A Thousand Mornings and Blue Horses recently published for the first time in the UK (how has it taken so long) along with Upstream, a collection of essays.
An intensely private person who prefers to allow her work to speak for itself, there is not a lot to find out about Mary Oliver beyond the usual details of birth ( 10th September 1935) home ( Provincetown, Mass. and now Florida) love ( a partner of forty years Molly Malone Cook who died in 2005.)
Writing in the New York Times in 2009, Mary Duenwald suggests this...
'To follow in Ms. Oliver’s footsteps is not to power walk, but to stroll and stop often to take in sights and sounds and feelings. As she told an interviewer 15 years ago: “When things are going well, you know, the walk does not get rapid or get anywhere: I finally just stop, and write. That’s a successful walk!”
and somehow it is that intense feeling of 'taking in the sights' that shines through all the way to Devon as I open A Thousand Mornings and read the poem of the title...
I go down to the shore in the morning
and depending on the hour the waves
are rolling in or moving out,
and I say, oh, I am miserable,
what shall—
what should I do? And the sea says
in its lovely voice:
Excuse me, I have work to do.”
I pick up one or other of the Mary Oliver books each day and always but always she has something to say of relevance and meaning. If poetry's purpose is, amongst other very worthy things, to teach, to console and to warn, then Mary Oliver is winning the game in the consolation category. But she is not without her critics, indeed some of them may be among you, but for me Mary Oliver and my love for her writing transcends any concerns that others may have about her work.

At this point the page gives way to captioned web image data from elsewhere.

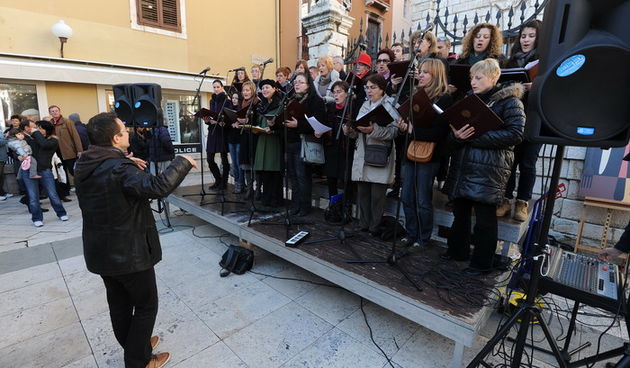 Zadar, 221212.
Predblagdansko subotnje jutro na zadarskom Poluotoku bilo je bogato raznim dogadjanjima. U isto vrijeme su zadarski zborovi, limena glazba i pojedini pjevaci udruzili snage te izvodili Bozicne pjesme.
Na fotografiji: zbor Petar Zoranic.
Fot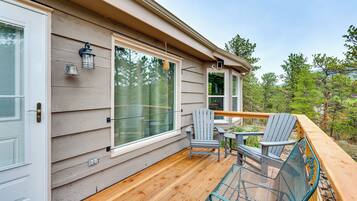 A wooden deck with Adirondack chairs and a metal table, overlooking a forested area.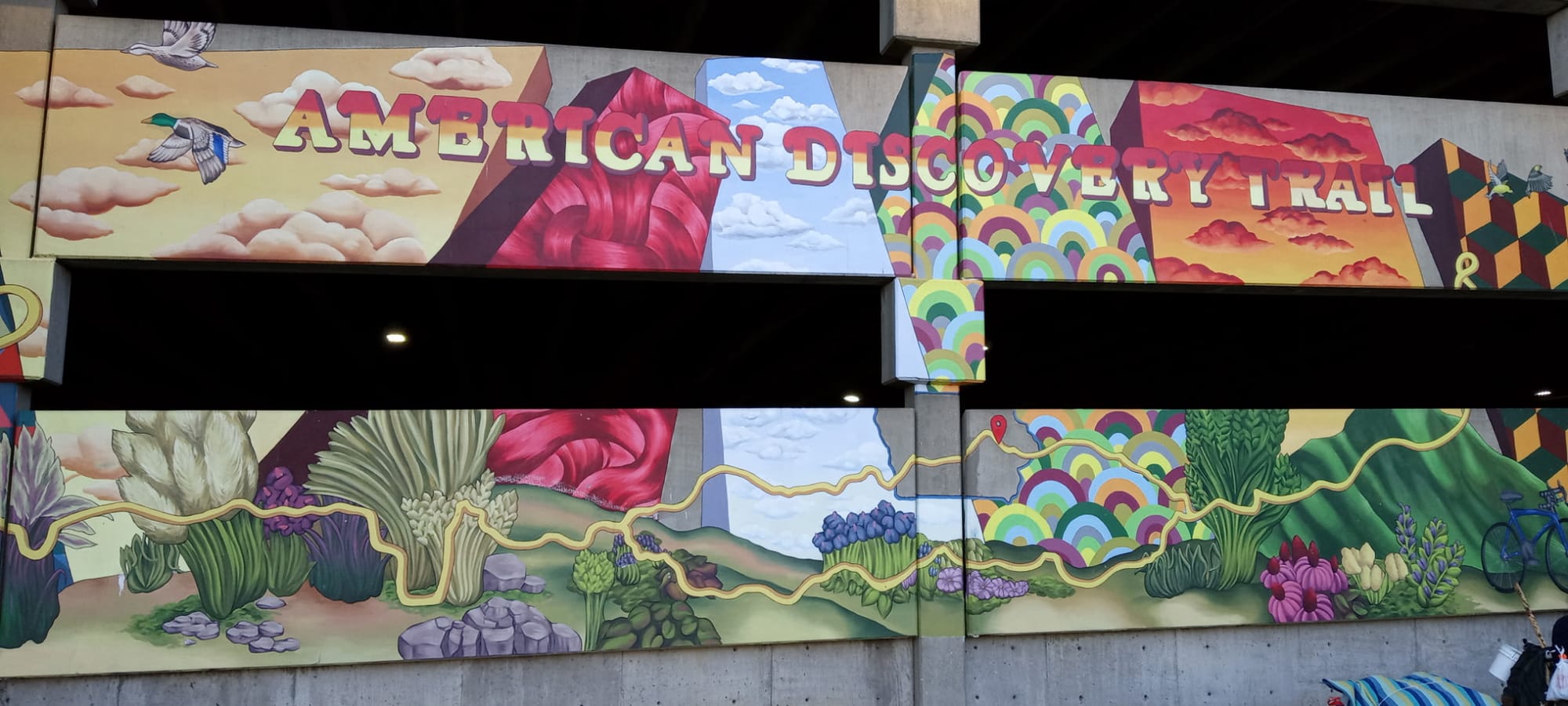 The Across Iowa mural marking the American Discovery Trail, on a parking structure facing Greene Square in Cedar Rapids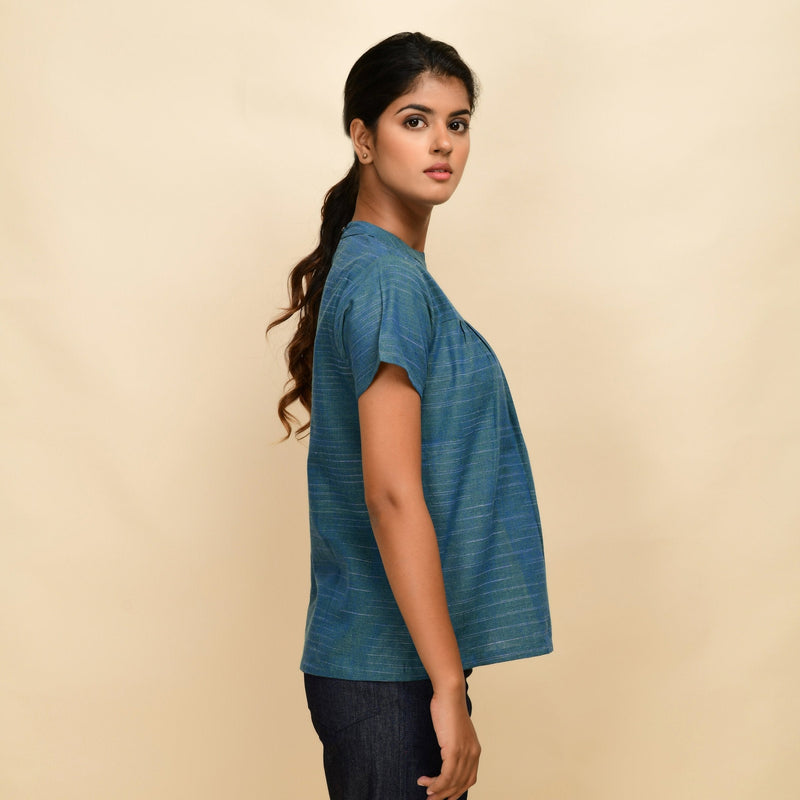Right View of a Model wearing Teal Handspun Cotton Relaxed Fit Gathered Top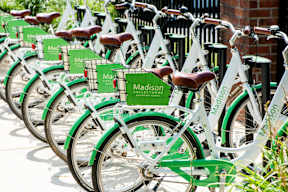 a row of green bikes parked in front of a building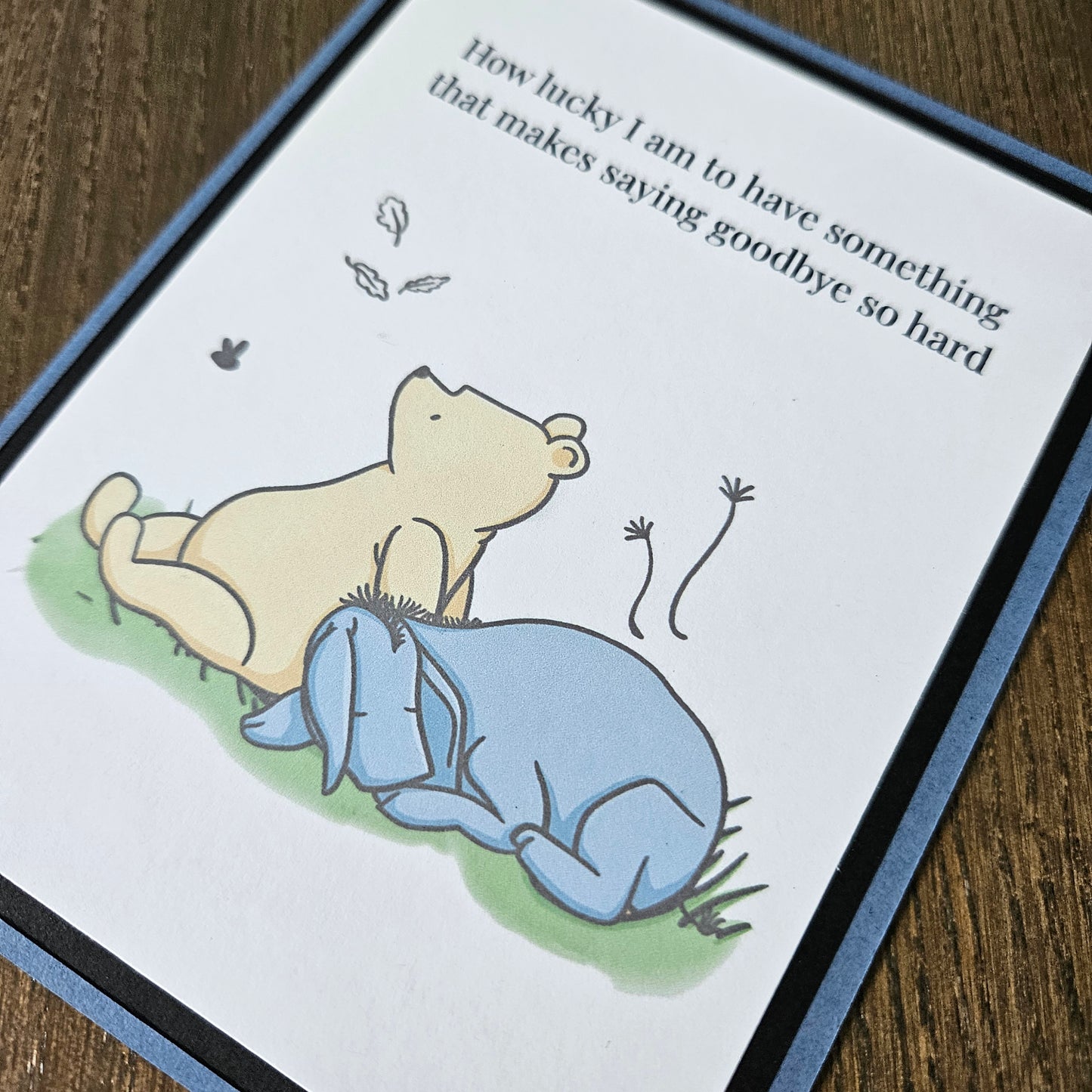 Handmade Winnie the Pooh goodbye card featuring an illustration of Pooh and Eeyore sitting together under falling autumn leaves next to the classic quote text banner.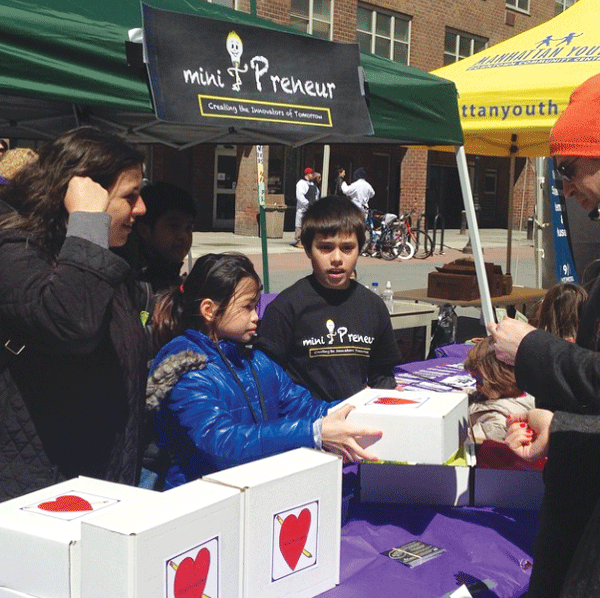 I.S. 276 sixth-graders managing their business, Hearts & Crafts, at the Tribeca Film Festival fair earlier last month.    Photo courtesy of Mini-preneur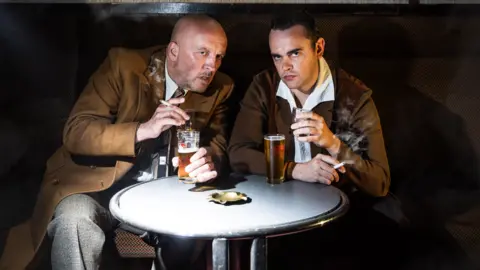 Eoin Carey/Citizens Theatre Two men, one bald, one with thick dark hair, sit side by side in 1950s costumes, drinking and smoking.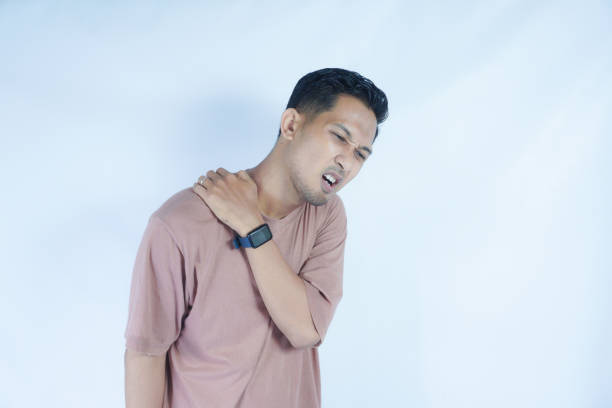 istock A man in a pink shirt holds his shoulder with a pained expression, indicating shoulder pain or discomfort. The plain light blue background emphasizes his distress 2163364191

For me she says what I wish I could say but so often can't or for some reason don't.
I don't know exactly what a prayer is.
I do know how to pay attention, how to fall down
into the grass, how to kneel down in the grass,
how to be idle and blessed, how to stroll through the fields,
which is what I have been doing all day.
Tell me, what else should I have done?
Doesn't everything die at last, and too soon?
Tell me, what is it you plan to do
With your one wild and precious life?